[Data entries]
╔══

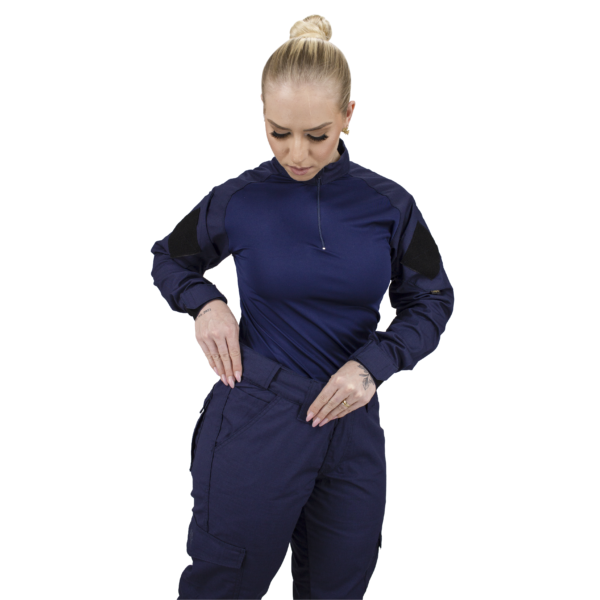 Calça Cargo Tática Feminina - Azul Marinho - Imagem 3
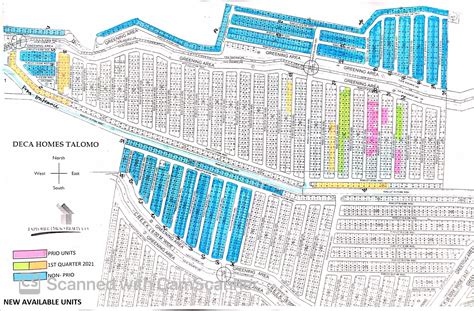 Detailed Road Map of Deca Homes Talomo 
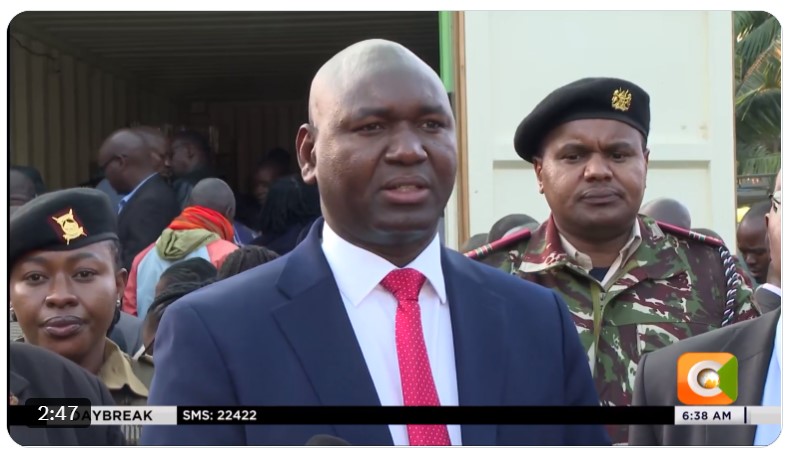 PS Bitok opens exam containers in Kibra, assures of readiness for KJSEA, KCSE, and KPSEA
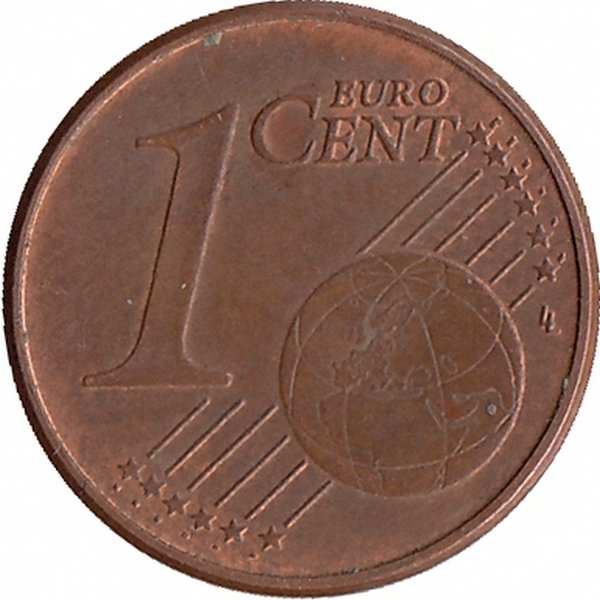 Германия 1 евроцент 2010 год (J)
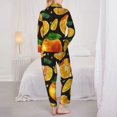 thumbnail image 5 of Bingfone Womens Pajama Sets Tangerine Print,Long Sleeve Loungewear Pajamas Set-Small, 5 of 9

╚══

Problem to solve: The entries above should be retyped exactly, minus any pictures.

Answer below:
 Calça Cargo Tática Feminina - Azul Marinho - Imagem 3
 Detailed Road Map of Deca Homes Talomo 
 PS Bitok opens exam containers in Kibra, assures of readiness for KJSEA, KCSE, and KPSEA
 Германия 1 евроцент 2010 год (J)
 thumbnail image 5 of Bingfone Womens Pajama Sets Tangerine Print,Long Sleeve Loungewear Pajamas Set-Small, 5 of 9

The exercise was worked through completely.